:: Provided material ::

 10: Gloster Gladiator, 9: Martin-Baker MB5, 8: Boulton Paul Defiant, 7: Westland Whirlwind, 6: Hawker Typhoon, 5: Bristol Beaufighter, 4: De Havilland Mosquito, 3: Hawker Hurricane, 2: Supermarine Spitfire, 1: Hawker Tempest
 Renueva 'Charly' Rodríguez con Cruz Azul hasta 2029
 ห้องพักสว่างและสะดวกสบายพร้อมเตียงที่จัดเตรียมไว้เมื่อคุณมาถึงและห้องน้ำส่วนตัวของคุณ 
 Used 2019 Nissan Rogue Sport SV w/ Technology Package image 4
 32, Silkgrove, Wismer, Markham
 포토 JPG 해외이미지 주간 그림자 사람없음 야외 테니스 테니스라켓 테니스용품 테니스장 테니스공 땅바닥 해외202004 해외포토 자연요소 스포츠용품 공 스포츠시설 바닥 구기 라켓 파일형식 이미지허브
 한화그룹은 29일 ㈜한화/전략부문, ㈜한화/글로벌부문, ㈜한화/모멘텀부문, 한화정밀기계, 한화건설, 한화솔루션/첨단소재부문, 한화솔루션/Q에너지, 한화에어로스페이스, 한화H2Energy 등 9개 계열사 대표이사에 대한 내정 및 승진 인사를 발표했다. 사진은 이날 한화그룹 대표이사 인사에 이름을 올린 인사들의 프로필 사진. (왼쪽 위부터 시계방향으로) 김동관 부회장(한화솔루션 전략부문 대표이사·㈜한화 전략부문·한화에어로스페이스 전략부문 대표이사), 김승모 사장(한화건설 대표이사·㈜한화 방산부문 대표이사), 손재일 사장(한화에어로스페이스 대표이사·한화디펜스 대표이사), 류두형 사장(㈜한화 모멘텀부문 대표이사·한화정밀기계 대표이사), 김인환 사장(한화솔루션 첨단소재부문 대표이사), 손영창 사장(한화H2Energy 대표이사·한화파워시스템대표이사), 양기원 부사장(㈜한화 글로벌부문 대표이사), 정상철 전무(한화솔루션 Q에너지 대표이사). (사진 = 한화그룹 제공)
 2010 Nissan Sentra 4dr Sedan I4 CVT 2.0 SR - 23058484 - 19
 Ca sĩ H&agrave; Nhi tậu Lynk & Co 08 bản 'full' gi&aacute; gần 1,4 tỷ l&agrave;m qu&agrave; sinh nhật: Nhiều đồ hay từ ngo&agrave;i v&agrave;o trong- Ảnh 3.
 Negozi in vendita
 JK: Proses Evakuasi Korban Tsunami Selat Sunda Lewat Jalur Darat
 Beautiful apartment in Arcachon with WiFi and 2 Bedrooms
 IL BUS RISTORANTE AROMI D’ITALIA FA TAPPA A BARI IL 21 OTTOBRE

:: Exercise goal ::
The full listing above is to be retyped exactly.

:: Solved problem ::
 10: Gloster Gladiator, 9: Martin-Baker MB5, 8: Boulton Paul Defiant, 7: Westland Whirlwind, 6: Hawker Typhoon, 5: Bristol Beaufighter, 4: De Havilland Mosquito, 3: Hawker Hurricane, 2: Supermarine Spitfire, 1: Hawker Tempest
 Renueva 'Charly' Rodríguez con Cruz Azul hasta 2029
 ห้องพักสว่างและสะดวกสบายพร้อมเตียงที่จัดเตรียมไว้เมื่อคุณมาถึงและห้องน้ำส่วนตัวของคุณ 
 Used 2019 Nissan Rogue Sport SV w/ Technology Package image 4
 32, Silkgrove, Wismer, Markham
 포토 JPG 해외이미지 주간 그림자 사람없음 야외 테니스 테니스라켓 테니스용품 테니스장 테니스공 땅바닥 해외202004 해외포토 자연요소 스포츠용품 공 스포츠시설 바닥 구기 라켓 파일형식 이미지허브
 한화그룹은 29일 ㈜한화/전략부문, ㈜한화/글로벌부문, ㈜한화/모멘텀부문, 한화정밀기계, 한화건설, 한화솔루션/첨단소재부문, 한화솔루션/Q에너지, 한화에어로스페이스, 한화H2Energy 등 9개 계열사 대표이사에 대한 내정 및 승진 인사를 발표했다. 사진은 이날 한화그룹 대표이사 인사에 이름을 올린 인사들의 프로필 사진. (왼쪽 위부터 시계방향으로) 김동관 부회장(한화솔루션 전략부문 대표이사·㈜한화 전략부문·한화에어로스페이스 전략부문 대표이사), 김승모 사장(한화건설 대표이사·㈜한화 방산부문 대표이사), 손재일 사장(한화에어로스페이스 대표이사·한화디펜스 대표이사), 류두형 사장(㈜한화 모멘텀부문 대표이사·한화정밀기계 대표이사), 김인환 사장(한화솔루션 첨단소재부문 대표이사), 손영창 사장(한화H2Energy 대표이사·한화파워시스템대표이사), 양기원 부사장(㈜한화 글로벌부문 대표이사), 정상철 전무(한화솔루션 Q에너지 대표이사). (사진 = 한화그룹 제공)
 2010 Nissan Sentra 4dr Sedan I4 CVT 2.0 SR - 23058484 - 19
 Ca sĩ H&agrave; Nhi tậu Lynk & Co 08 bản 'full' gi&aacute; gần 1,4 tỷ l&agrave;m qu&agrave; sinh nhật: Nhiều đồ hay từ ngo&agrave;i v&agrave;o trong- Ảnh 3.
 Negozi in vendita
 JK: Proses Evakuasi Korban Tsunami Selat Sunda Lewat Jalur Darat
 Beautiful apartment in Arcachon with WiFi and 2 Bedrooms
 IL BUS RISTORANTE AROMI D’ITALIA FA TAPPA A BARI IL 21 OTTOBRE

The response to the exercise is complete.